This Week may be bowing out, but the BBC should make as much use of Andrew Neil as it can

Sean O'Grady

So, farewell then, This Week. I’m not at all sure about the BBC’s reasoning for dropping this show, and it is said that it follows presenter Andrew Neil’s decision to “step down” from the Thursday night show.

It is a loss. It tried to inject a bit of humour into grim times. The sofa team – Michael Portillo, Diane Abbott, Liz Kendall, Alan Johnson and the like – did their best to restrain the usual partisan nonsense we’re subjected to. They put the cheeky girls on. They did quizzes. They did jokes. Best of all… they gave Andrew Neil a regular outing.

I hope we won’t be seeing less of him. He looks like he has plenty of life in him, and indeed he does. Perhaps right on cue, he was given the opportunity to conduct the only serious one-on-one interviews with Boris Johnson and Jeremy Hunt for the Tory leadership, and it was enthralling and amusing to watch.

It was as if these two products of Eton and Charterhouse respectively had been summoned to their severe Presbyterian Scottish headmaster’s study to be asked what they hell they had been doing in the dorm this week. Suddenly they were deferential, though of course Johnson couldn’t take that smirk off his face and refrain from insolence. But every time he or, less often Hunt, tried to get cheeky he put them back in their box. Magisterially he ignored Johnson’s provocations, and stuck to the point and advised him to answer the question. As with all the other public outings of Johnson and Hunt, Johnson came off worse.

Though it’s probably too late to make much difference, it will at least have given Tory members and the rest of us pause for thought. It will also have reminded the BBC what an asset they have in Neil. (Personally I would have liked to have seen Emily Maitlis and Julie Etchingham interview them in the same strictly controlled environment rather than the mad house of a hustings, but there we are. Maybe – a reflection of casual sexism – Hunt and Johnson can only behave themselves when invigilated by an old bloke.)

As a heavyweight political player who can look after himself in any arena – after all he is a product of the old Fleet Street, an entire terrace of rough houses – Neil has few peers. Only David Dimbleby, now retiring, can command the same air of authority. Neil, as an old Murdoch group editor, is also someone right-wingers find impossible to accuse of leftist bias. Except, that is, for a neoliberal in America named Ben Shapiro who didn’t know who he was.

The BBC is under the kind of threat from the left and the right that it hasn’t experienced for decades.

We are well used to seeing the corporation slagged off as, in the latest Johnson jibe, the “Brexit Bashing Corporation”. Nigel Farage, of all people, condemns it for fake news and being part of some sort of establishment conspiracy to do down Brexit and the various political vehicles devoted to the cult of Nigel. When George Osborne tried to turn it into an arm of the benefits system by making it pay for pensioners’ TV licences, he too knowingly shoved a Tory time bomb under the BBC’s public support.

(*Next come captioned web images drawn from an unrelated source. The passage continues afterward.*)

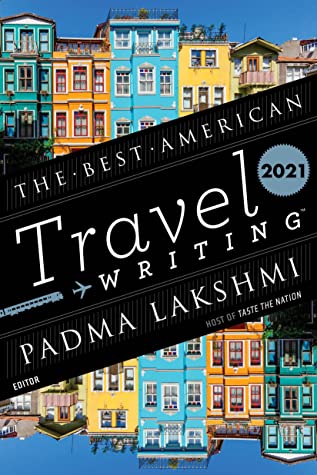 cover of Best American Travel Writing 2021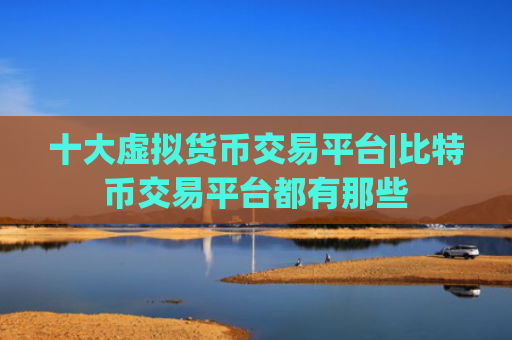 十大虚拟货币交易平台|比特币交易平台都有那些
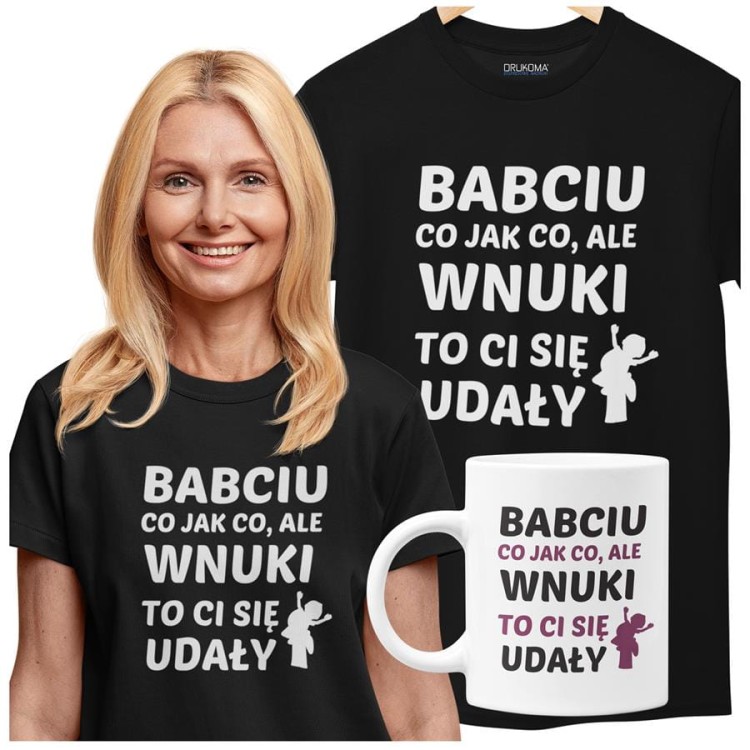 Koszulka dla Babci zestaw z kubkiem i koszulką na prezent z napisem Babciu co jak co ale wnuki to Ci się udały z koszulką w kolorz.jpg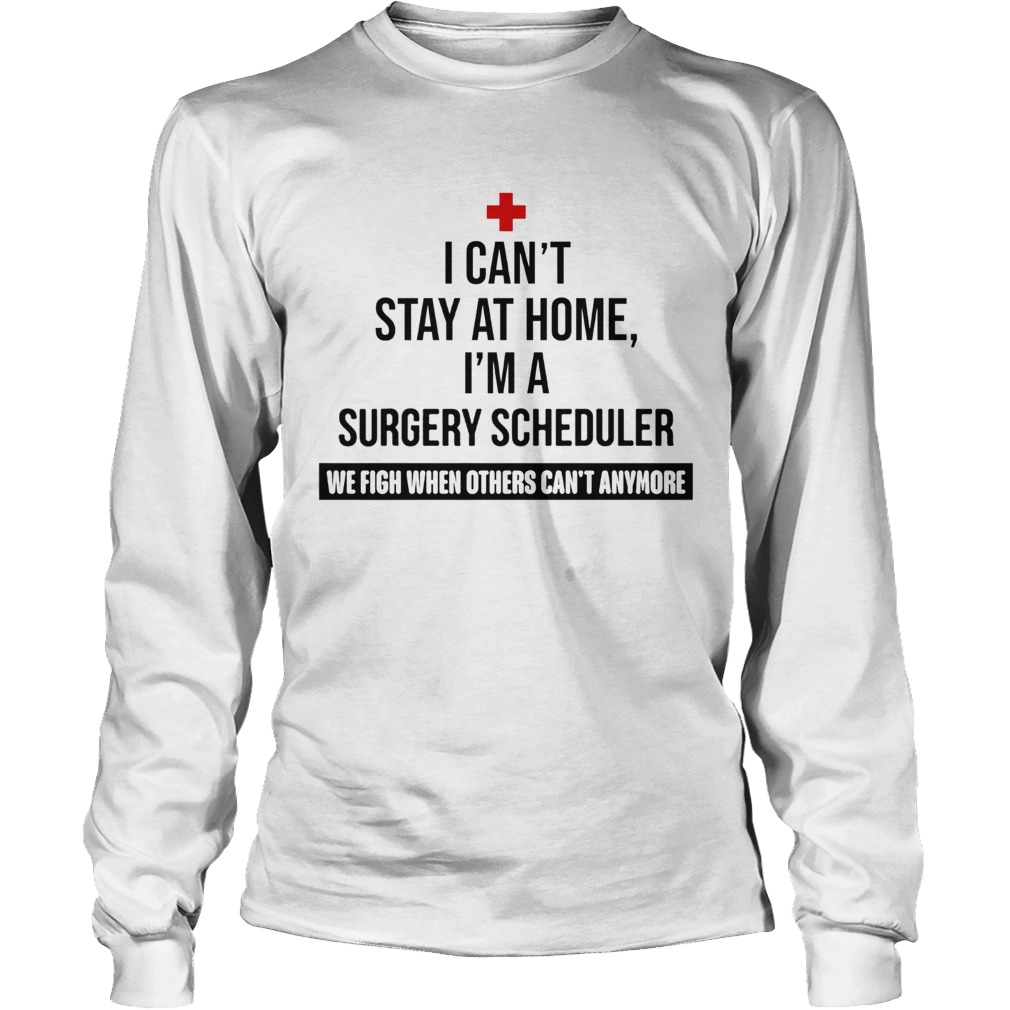 I Cant Stay At Home Im A Surgery Scheduler Long Sleeve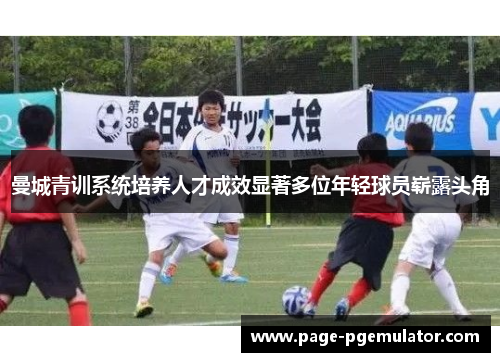 曼城青训系统培养人才成效显著多位年轻球员崭露头角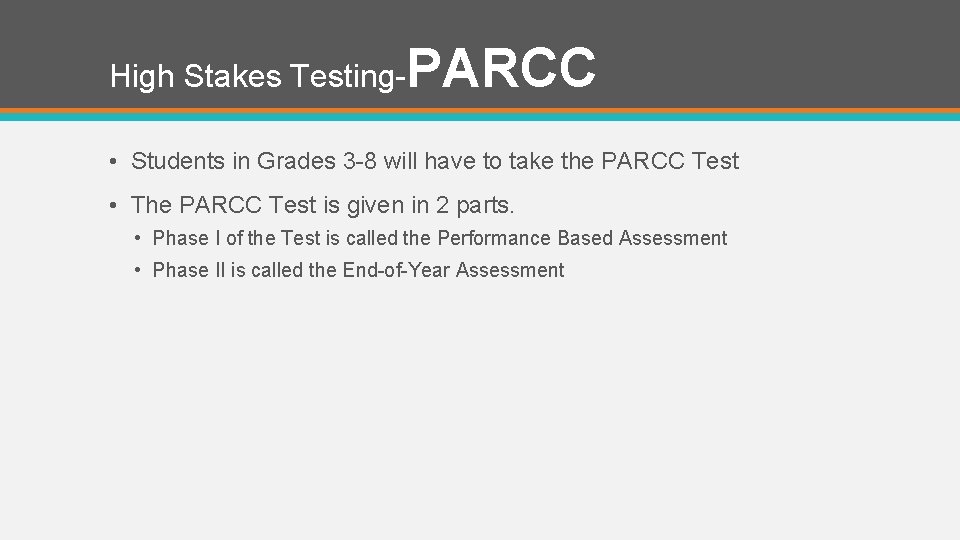 High Stakes Testing- PARCC • Students in Grades 3 -8 will have to take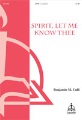 Spirit Let Me Know Thee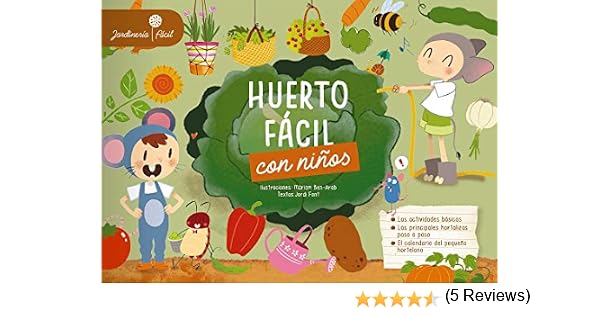 Huerto fácil con niños: Amazon.es: Larousse Editorial, Ben-Arab ...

Today, as we witnessed in the furore over the BBC’s Panorama documentary on Labour’s antisemitism problem, they are joined by a mirror-image attack for the left. They, too, see the BBC as part of an establishment, mainstream media conspiracy – in their case one to thwart the Jeremy Corbyn project. The likes of Andrew Adonis fulminate at the very mention of the BBC because of its supposedly blatant pro-Brexit bias. Lord Adonis says Nigel Farage is on far too often; Farage says he is not on often enough.

Well, as Andrew Neil might wearily sigh, they cannot all be right. As a symbol, more of a bulwark, of the BBC’s integrity this former employee of Rupert Murdoch is the corporation’s best possible defence in troubled times.

It should have kept This Week going. And it should certainly make as much use of Andrew Neil as it can. When Brian Walden died earlier this year it reminded us all that that that tradition of the long, serious, detailed, forensic interview is almost gone. Andrew Neil is one of the few who might just be able to revive it.